Мишка Павлов очень нервничал перед свадьбой.
Вся его предыдущая жизнь состояла из любви к старенькой трудолюбивой маме и холостяцких кутежей. Мишке нравилась такая жизнь. Мы, его друзья и собутыльники, все были моложе, и Мишке льстила роль вожака и застрельщика.
Теперь, накануне свадьбы, он пустился во все тяжкие. Не просыхал абсолютно. И каждый вечер менял показания о постигшем его счастье.
Первое время Мишка рассказывал о большой любви, которая случилась в далеком городе Чита. Вот что значит оторваться от родных уральских корней, плакал Мишка. Большое чистое чувство помутило будто бы Мишкин рассудок, и он дал слово жениться.
Последующие мальчишники внесли в эту картину массу новых штрихов. Большая любовь преподносилась уже как романтическое постельное приключение с неромантическими последствиями – беременностью. Вследствие которой Мишка, как честный человек, просто обязан закабалить себя супружеством.
За считанные дни перед торжественным обрядом Мишка коснеющим языком принялся обвинять невесту в злом умысле – дескать, и приключение она подстроила, и забеременела назло.

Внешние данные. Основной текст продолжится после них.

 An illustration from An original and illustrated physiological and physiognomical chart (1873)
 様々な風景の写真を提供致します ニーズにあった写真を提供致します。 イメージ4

Мы жалели Мишку. Как бы то ни было, он грудью шел на амбразуру. Он провожал в небытие и оплакивал все, что было нам близко и дорого.
За день до свадьбы наш друг волевым усилием вынырнул из пучины пьянства и пришел в себя. Он сделался холодным, отрешенным и неприступным. Последние часы своей вольной жизни Мишка честно потратил на подготовку к экзекуции. Он шел в загс с гордо поднятой головой, в лучшем костюме, с улыбкой на лице. Он женился по высшему разряду.
Основная часть торжества проходила в ресторане, едва вместившем гостей. Пока не началось, Мишка извлек меня из сутолоки для важного разговора.
– Понимаешь, – сказал он, – я хочу, чтобы все было по-королевски. Чтобы самая последняя сволочь подтвердила: да, Мишка Павлов женился так женился.. Я хочу, чтобы любой подонок до конца дней считал, что Мишка Павлов так женился, как никто не женился. И перед невестой я не хочу краснеть за эту свадьбу всю мою оставшуюся проклятую жизнь. Улавливаешь?
Я сосредоточенно кивнул.
– Ты должен мне помочь, – продолжал Мишка. – У меня есть дядя, зовут его Витей. Он алкоголик. Я не мог жениться без него. Он бы меня сначала проклял, а потом начал бы звонить мне каждую ночь и крыть матом. Это страшный человек, ей-богу.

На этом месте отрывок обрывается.